'Peer Gynt', de Ibsen, ganha montagem sincretista do diretor Gabriel Villela
Peer Gynt não queria qualquer reino. Queria ser rei de si mesmo. Não que o fizesse pelos modos mais louváveis: Gynt é um fingidor. Meio louco, meio mau-caráter, conta lorotas sobre sua vida, inventa feitos extravagantes, seduz e engana a quem conhece.
Mas há também no seu espírito juvenil um quê de libertário. "Todo sonhador é transgressor", diz o ator Chico Carvalho, que interpreta o personagem na peça homônima de Henrik Ibsen. Dirigida por Gabriel Villela, a montagem reabre nesta quinta (29) o teatro do Sesi, na avenida Paulista, fechado para reformas desde o início do ano. Por trafegar entre o juvenil e o adulto, a peça terá sessões vespertinas.
O anti-herói criado pelo dramaturgo norueguês em 1867 foi inspirado num personagem do folclore nórdico –um trapaceiro fadado à destruição; sua única redenção é o amor de uma mulher.
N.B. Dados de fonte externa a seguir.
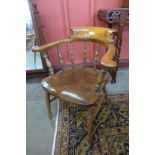 A Victorian elm and beech smokers bow chair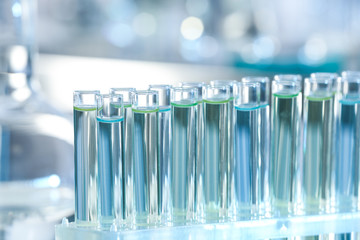 Test tubes with liquid samples for analysis in laboratory, closeup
A narrativa de Ibsen trafega entre o tempo e o espaço e o consciente e o inconsciente no personagem. Começa na juventude do camponês Gynt, acompanha-o por suas viagens pelo mundo (ele se diz "norueguês de nascimento e cosmopolita de espírito"), passando por terras reais e fantásticas, seu enriquecimento por meios ilícitos –trafica escravos e mercadorias–, seus amores e desamores e seu retorno à terra Natal.
Também deixa à sua espera na Noruega a amada Solveig. "Ela é como Penélope, aguardando pelo retorno de Ulisses na 'Odisseia'. Solveig é a virtude da espera, da paciência", comenta Mel Lisboa, que interpreta a personagem.
"Ele é um anti-herói sem nenhum caráter, meio Macunaíma", afirma Villela. "Mas é também um oráculo. Revela muito sobre o homem."
Como quando Gynt compara o ser humano ao descascar de uma cebola: "Quanto mais te cavo e em ti me aprofundo, mais descubro que em ti não há fundo". "A gente o relacionou muito a dom Quixote", diz Carvalho. "Ninguém o entende, ele é louco, mas também visionário."
SARGENTO PIMENTA
Na sua montagem, Villela reduziu a trama de cerca de cinco horas para aproximadamente duas. Cortou alguns personagens e concentrou a história na saga do anti-herói.
Como é costumeiro nos trabalhos do encenador, a música tem presença forte e aparece num sincretismo de gêneros, do rock a marchinhas carnavalescas (veja ao lado).
No lugar da orquestração criada pelo norueguês Edvard Grieg para a montagem original, de 1876, surgem reinterpretações de clássicos do rock, em especial dos Beatles, um diálogo com o espírito transgressor e subversivo do personagem, explica o ator Marco França, que assina a direção musical ao lado da preparadora vocal Babaya.
As músicas são cantadas e tocadas pelo próprio elenco em cena e sem o auxílio de microfones. "Buscamos a suavidade", conta Babaya. "É forte e ao mesmo tempo delicado."
A mistura vista nas músicas é replicada nos figurinos e no cenário do diretor mineiro, conhecido por seu apuro visual e por beber na fonte do artesanato brasileiro.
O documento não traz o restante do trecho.